American feminist and activist (born 1925)

Jacqueline Michot Ceballos (born September 8, 1925) is an American feminist and activist. Ceballos is the former president of New York Chapter of the National Organization for Women and founder of the Veteran Feminists of America organization which documents the history of second-wave feminism and pioneer feminists. Ceballos' 1971 debate on sexual politics with Norman Mailer and Germaine Greer is recorded in the 1979 film Town Bloody Hall. Ceballos is also featured in the feminist history film She's Beautiful When She's Angry.

==Early life==
Ceballos was born Jacqueline Michot in Mamou, Louisiana, on September 8, 1925. The daughter of Louis Michot and Adele Domas, Ceballos was the middle child of seven children. She attended public school in Lafayette and studied music at Southwestern Louisiana Institute. After majoring in voice, Ceballos moved to New York City to pursue a career in opera.

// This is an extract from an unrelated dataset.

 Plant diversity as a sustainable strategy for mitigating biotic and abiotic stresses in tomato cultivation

In 1951 Ceballos married Colombian businessman Alvaro Ceballos with whom she had four children. After the family moved to Bogotá, Colombia, in 1958, Ceballos founded the city's first opera company, El Teatro Experimental de la Opera. During the break-up of her marriage, Ceballos was given Betty Friedan's The Feminine Mystique to read, which she later said inspired her toward activism in the feminist movement. Her husband helped her open an export-import clothing business in New York.

==Activism==
In 1967, Ceballos moved back to New York City with her four children where she attended her first National Organization for Women (NOW) meeting. She served on the boards of NOW at the national and local levels from 1967–1973 and formed a public relations committee and speakers bureau. She co-founded the New Feminist Theater.

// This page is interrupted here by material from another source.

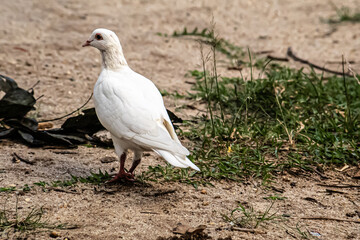 Feral pigeon feeding in the garden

In 1971, Ceballos served as president of New York NOW. She appeared in the April 30, 1971 town hall debate entitled, A Dialogue on Women's Liberation with Norman Mailer, Germaine Greer, Diana Trilling, Jacqueline Ceballos, Jill Johnston. The debate was recorded and released as D. A. Pennebaker's 1979 documentary film Town Bloody Hall. During the debate, Ceballos made a case that women had the right and duty "to have a voice in changing the world that is changing them." Angry about the image of women in media, Ceballos described the advertiser's portrayal as "She gets an orgasm when she gets the shiny floor!"

Ceballos became NOW's Eastern Regional Director in 1971 and served as its representative at the 1972 Democratic National Convention. She co-founded the Women's Forum in 1974 and served as the organization's first executive director. She later worked as a representative at the United Nations International Women's Conference. Along with dozens of other prominent feminists, Ceballos helped found the National Women's Political Caucus. In 1972, she joined the Ms. campaign, "We Have Had Abortions" which called for an end to "archaic laws" limiting reproductive freedom, they encouraged women to share their stories and take action.

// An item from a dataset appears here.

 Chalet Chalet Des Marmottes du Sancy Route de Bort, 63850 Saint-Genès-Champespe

In 1970, Ceballos helped Betty Friedan organize the Women's Strike for Equality. She assisted Friedan in organizing demonstrations speaking out against the all-male staff at The New York Times.

Ceballos became an associate of the Women's Institute for Freedom of the Press (WIFP) in 1977. WIFP is an American nonprofit publishing organization. The organization works to increase communication between women and connect the public with forms of women-based media.

In 2014, Ceballos was featured in the film She's Beautiful When She's Angry.

==Veteran Feminists of America==
In 1975 Ceballos retired from general activism to start a company. Ceballos opened a public relations firm to advertise feminist education courses and she began the New Feminist Talent speaker's bureau. After the rise of anti-feminism during the 1980s, Ceballos with Dorothy Senerchia, Barbara Seaman, and other feminist pioneers founded the Veteran Feminists of America (VFA). The founding principle of the organization was to preserve the history of second-wave feminism as well as to honor the women and men who pioneered the movement.

==Personal life==
As of 2012, Ceballos lives in Phoenix, Arizona, where her daughter, Michele, founded a non-profit dance and education group. Her husband, Alvaro, died from Alzheimers at the age of 92 in Cucuta, Colombia.